Note on Working Together

          Research in physics is facilitated by close cooperation and collaboration among those involved.  Indeed, if scientists did not share results and argue over interpretations, new discoveries and insights would be much fewer and further between. You will find in the 111 Lab that you learn a great deal from working and talking with your classmates, especially your lab partner. However, as in other courses, each student will be given a grade based solely on his or her individual achievements. Each student must turn in his/her own lab report, in his/her own words. This requirement is not intended to reduce cooperation or discussion in or out of the lab. On the contrary, we encourage you to discuss your results with other students and to try to make sense of them together. The final product, however, must be your own work.

          What is not acceptable?  In general, use common sense. Raw data and good ideas should be shared with your classmates, but text, analysis, graphs, figures, and derivations of equations should be completed alone. If you have any questions, please ask the lab staff.

          In summary, each student must do his or her own work. Failure to do so will result in an "F" for the course.



Course Material Fee

Physics 111A Instrumentation students are assessed a Course Materials and Service Fee (CMSF) of $175 to cover the cost of expendable supplies and materials used in the course.  These fees are collected after the fifth (5th) week of classes and will be included in each students’ CARS (Campus Accounts Receivables System) statement.  Income from the CMFS is kept in a separate account that is used only for the purchase of supplies and expendable materials for Physics 111. Equipment purchase and repair, computers, and staff salaries are paid for by the Physics Department, not by student CMSF.

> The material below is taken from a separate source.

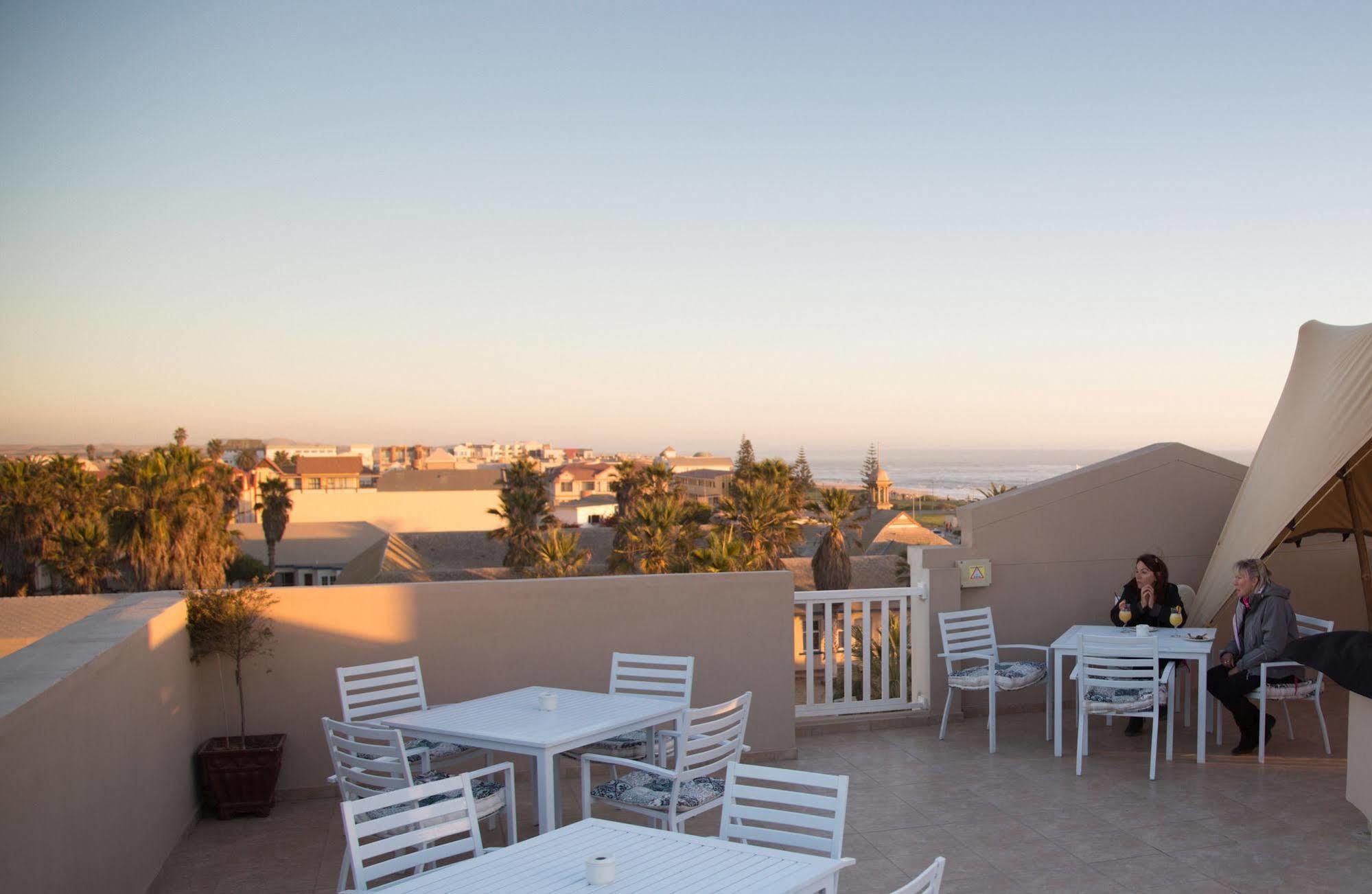 Hotel Zum Kaiser Swakopmund Buitenkant foto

 You can sign out a VB-108 type breadboard and keep it for your own use from the back wall of the lab. That lets you build a circuit one day, and still work on later days. You can keep the breadboard in a slot in the lab (recommended; pieces tend to fall out when you transport them) or take it with you.


Assignment Due Dates:       Turn assignments into Physics 111A Bcourses online see due dates below by 11:59 PM.


Lab Title

Lab Start Date

Report Due Date



Introductory & Linear Circuits I

(longer lab)

Mon. June 5

Mon. June 12

Full Report for Full Grading online turnin

through Bcourses 100pts




Linear Circuits II

Friday June 9

Friday June 16

Type up Notebook online turnin

through Bcourses 100pts


Semiconductor Diodes

Thursday June 15

Wed. June 21

Full Report



JFET Circuits I

Tues. June 20

Mon. June 26

Type up Notebook online turnin

through Bcourses 100pts


JFET Circuits II

Friday  June 23

Friday June 30

Full Report for Full Grading


Op Amps I

Thursday June 29

Thurs. July 6

Type up Notebook online turnin

through Bcourses 100pts


Op Amps II (longer lab)

Wednesday July 5

Thursday  July 13

Type up Notebook online turnin

through Bcourses 100pts


Op Amps III

Wednesday July 12

Wed. July 19

Full Report



LabView Programming

Tuesday July 18

Friday  July 21

Type up Notebook online turnin

through Bcourses 100pts


ADC’s & DAC’s

Thursday July 20

Friday  July 28

Type up Notebook online turnin

through Bcourses 100pts


Feedback Control

Thurs. July 27

Thursday Aug. 3

Type up Notebook online turnin

through Bcourses 100pts


Final Project ***

Wednesday Aug. 2

Saturday August 12**

Final Full Report for Full Grading 330 Pts

Full Report = Includes Introduction and Conclusion. Re-write experiments, integrate graphs, analysis, and comments to
make a clean easy to read report. Your report must include carbonless copies of in-lab notes. Type written reports.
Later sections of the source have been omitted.